Task item
Write out, exactly and only, the lines that run from the top of the records to the line with "Number 3: Here, this". Include both ends; exclude pictures.

Extracted entries
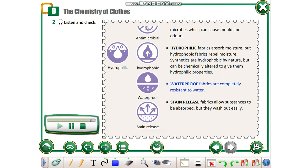Waterproof fabrics are completely resistant to water. Stain-release fabrics allow substances to be absorbed, but they wash out easily.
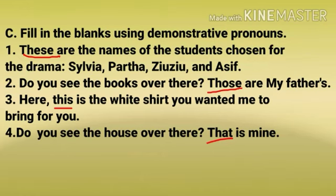Number 3: Here, this is the white shirt you wanted me to bring for you. Number 4: Do you see the house over there? That is mine.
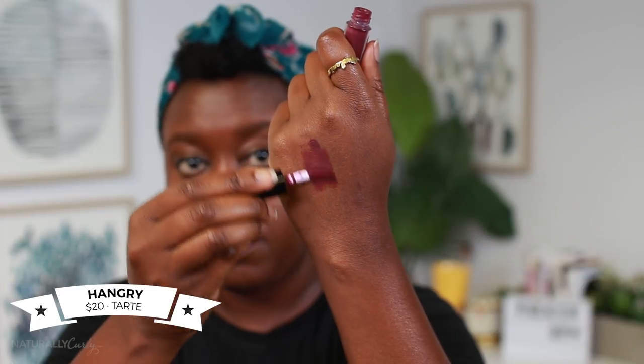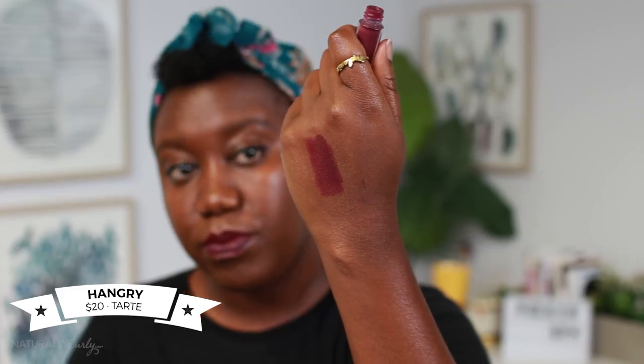81 degrees, cardigan weather here in Texas, but you're not gonna stop me from wearing a nice, deep, rich fall lip, okay? Texas is not gonna stop my joy. And my favorite is the Tartist by Tarte matte lip cream in the color Hangry, which is a nice berry color. It kind of smells like peppermint, but it's very creamy. It's not one of those matte lipsticks that kind of leave your lips looking like drywall.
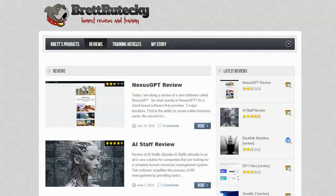Hey guys, Brad here, and welcome to my review blog. I've been running this blog where I did reviews of IM products since 2014. I wrote hundreds of reviews and generated tens of thousands of sales from these reviews, earning hundreds of thousands of dollars in commissions.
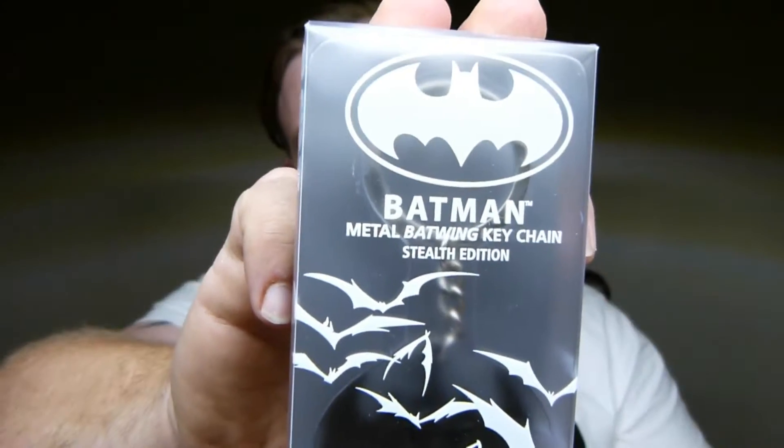Alright, next thing I can see in here is a Batman metal keychain. I'll open it up. It's a nice plastic case — it looks like a little Batman stealth lighter. It's all metal. It's quite cool. I quite like that actually.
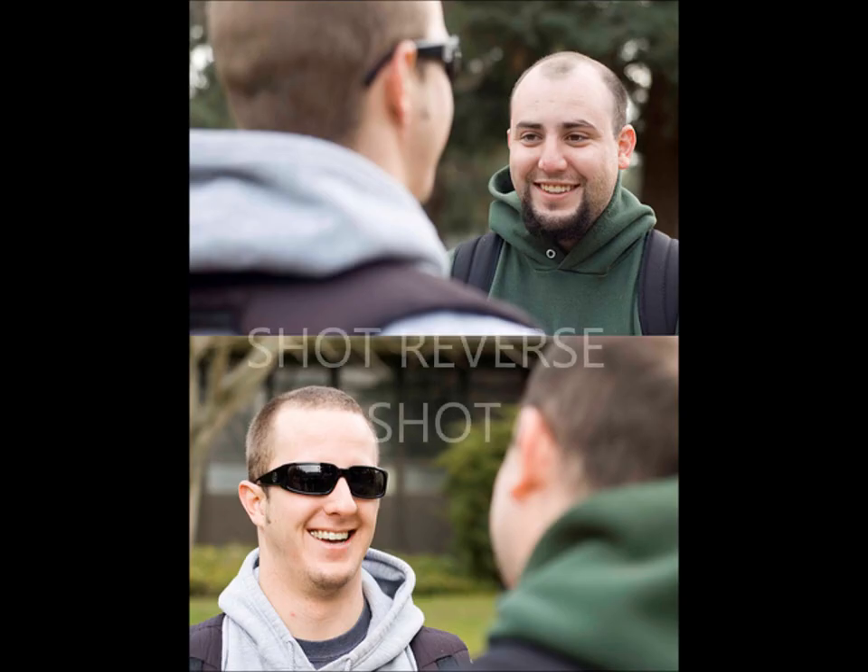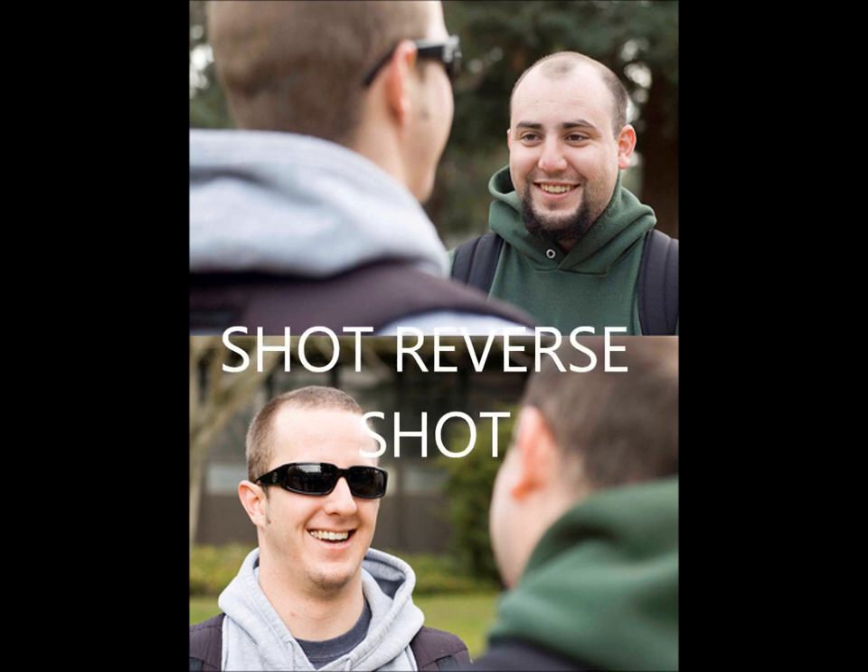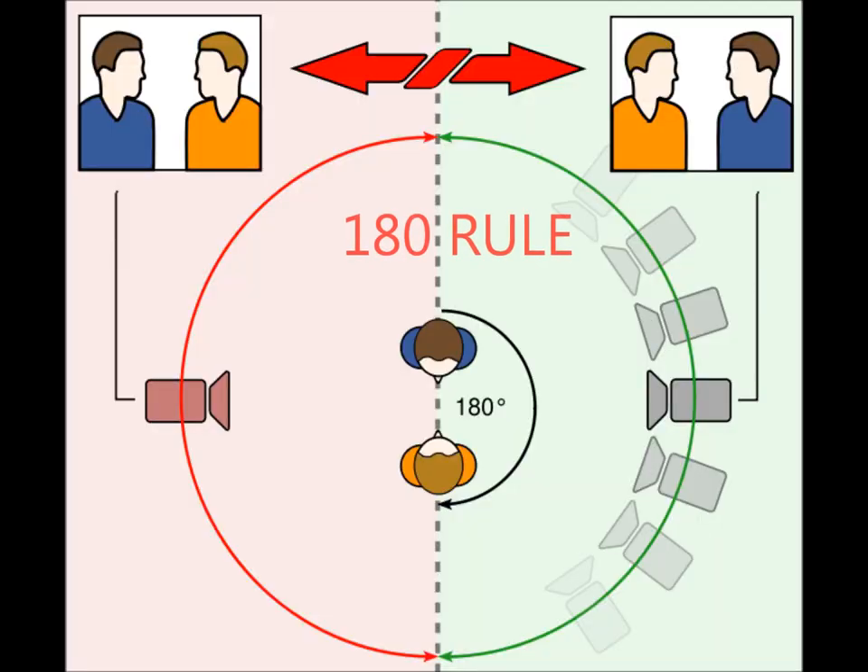These shots were shot reverse shot, the 180 degree rule and the match in action. When I was set my prelim task, I had to incorporate these shots at least once. Since I did my prelim task, my understanding and knowledge of how films were made and what goes into making them has broadened.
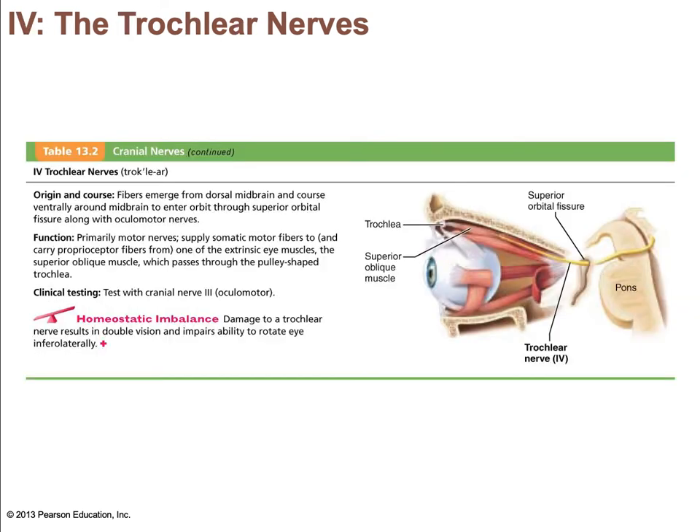The trochlear nerve innervates the superior oblique muscle, which moves the eyeball down and laterally. It runs through the superior orbital fissure on its way to the superior oblique. It is strictly a somatic motor nerve and is usually tested at the same time as the oculomotor and abducens nerves.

Problem solution
Waterproof fabrics are completely resistant to water. Stain-release fabrics allow substances to be absorbed, but they wash out easily.
Number 3: Here, this is the white shirt you wanted me to bring for you. Number 4: Do you see the house over there? That is mine.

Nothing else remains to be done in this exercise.